• Task to carry out
Reproduce exactly the lines below, from the first through the one containing "Coquette Strik Babyshower", and nothing more.
Content starts
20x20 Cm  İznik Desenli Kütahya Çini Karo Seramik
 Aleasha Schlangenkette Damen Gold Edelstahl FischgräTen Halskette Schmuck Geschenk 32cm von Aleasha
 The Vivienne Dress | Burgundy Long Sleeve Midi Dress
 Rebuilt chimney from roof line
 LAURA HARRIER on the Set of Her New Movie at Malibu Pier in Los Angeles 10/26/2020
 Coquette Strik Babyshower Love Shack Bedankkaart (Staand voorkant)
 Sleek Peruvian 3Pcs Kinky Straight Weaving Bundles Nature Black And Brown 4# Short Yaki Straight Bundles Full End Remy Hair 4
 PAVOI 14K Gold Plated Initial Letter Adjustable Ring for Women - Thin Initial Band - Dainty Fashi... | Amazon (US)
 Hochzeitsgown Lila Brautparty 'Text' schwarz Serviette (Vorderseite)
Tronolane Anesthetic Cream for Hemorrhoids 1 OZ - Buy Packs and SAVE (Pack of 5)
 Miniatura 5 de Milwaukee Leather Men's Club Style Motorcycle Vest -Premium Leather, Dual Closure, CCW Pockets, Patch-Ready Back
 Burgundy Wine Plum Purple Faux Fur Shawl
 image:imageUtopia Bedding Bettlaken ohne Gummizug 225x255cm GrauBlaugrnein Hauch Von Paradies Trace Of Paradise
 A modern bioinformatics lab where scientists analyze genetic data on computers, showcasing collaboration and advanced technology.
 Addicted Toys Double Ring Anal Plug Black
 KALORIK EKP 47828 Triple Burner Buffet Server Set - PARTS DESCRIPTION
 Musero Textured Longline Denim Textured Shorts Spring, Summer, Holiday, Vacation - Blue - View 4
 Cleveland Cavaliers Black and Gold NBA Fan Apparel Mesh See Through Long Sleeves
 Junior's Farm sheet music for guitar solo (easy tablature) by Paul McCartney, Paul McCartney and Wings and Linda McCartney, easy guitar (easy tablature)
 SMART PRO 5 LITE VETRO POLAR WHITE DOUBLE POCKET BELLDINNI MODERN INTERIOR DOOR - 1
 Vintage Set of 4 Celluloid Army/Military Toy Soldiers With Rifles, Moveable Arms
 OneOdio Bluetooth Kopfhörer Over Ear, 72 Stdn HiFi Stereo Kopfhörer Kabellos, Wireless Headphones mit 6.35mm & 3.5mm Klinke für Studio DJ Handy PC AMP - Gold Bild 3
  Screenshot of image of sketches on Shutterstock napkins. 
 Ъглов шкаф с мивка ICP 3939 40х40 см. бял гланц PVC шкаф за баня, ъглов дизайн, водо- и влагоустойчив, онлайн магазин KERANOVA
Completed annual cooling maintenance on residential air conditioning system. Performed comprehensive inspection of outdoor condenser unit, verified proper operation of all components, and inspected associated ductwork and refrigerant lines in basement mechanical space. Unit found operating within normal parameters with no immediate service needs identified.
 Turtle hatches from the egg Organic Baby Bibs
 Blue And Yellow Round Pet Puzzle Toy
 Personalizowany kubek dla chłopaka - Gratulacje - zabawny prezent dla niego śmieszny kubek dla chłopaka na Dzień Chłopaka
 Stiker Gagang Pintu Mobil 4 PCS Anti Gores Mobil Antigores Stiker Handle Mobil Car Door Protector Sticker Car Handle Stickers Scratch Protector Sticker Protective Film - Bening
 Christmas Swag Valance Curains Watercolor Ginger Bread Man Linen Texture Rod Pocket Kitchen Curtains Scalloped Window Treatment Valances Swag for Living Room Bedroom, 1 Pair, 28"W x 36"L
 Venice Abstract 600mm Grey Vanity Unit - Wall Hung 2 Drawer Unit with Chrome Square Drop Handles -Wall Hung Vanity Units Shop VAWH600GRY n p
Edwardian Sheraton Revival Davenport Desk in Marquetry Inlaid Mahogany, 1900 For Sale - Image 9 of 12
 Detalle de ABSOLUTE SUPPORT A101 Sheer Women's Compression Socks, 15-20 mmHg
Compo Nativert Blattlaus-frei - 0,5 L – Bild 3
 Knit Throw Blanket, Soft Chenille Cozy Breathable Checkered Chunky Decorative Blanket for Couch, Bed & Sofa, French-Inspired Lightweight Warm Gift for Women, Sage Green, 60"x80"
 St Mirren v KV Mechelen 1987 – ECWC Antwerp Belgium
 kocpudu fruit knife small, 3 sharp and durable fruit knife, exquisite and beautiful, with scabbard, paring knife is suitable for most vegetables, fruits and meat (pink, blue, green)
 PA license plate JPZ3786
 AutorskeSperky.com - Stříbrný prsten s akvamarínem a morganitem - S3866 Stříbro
Content ends
• Solution for this exercise
20x20 Cm  İznik Desenli Kütahya Çini Karo Seramik
 Aleasha Schlangenkette Damen Gold Edelstahl FischgräTen Halskette Schmuck Geschenk 32cm von Aleasha
 The Vivienne Dress | Burgundy Long Sleeve Midi Dress
 Rebuilt chimney from roof line
 LAURA HARRIER on the Set of Her New Movie at Malibu Pier in Los Angeles 10/26/2020
 Coquette Strik Babyshower Love Shack Bedankkaart (Staand voorkant)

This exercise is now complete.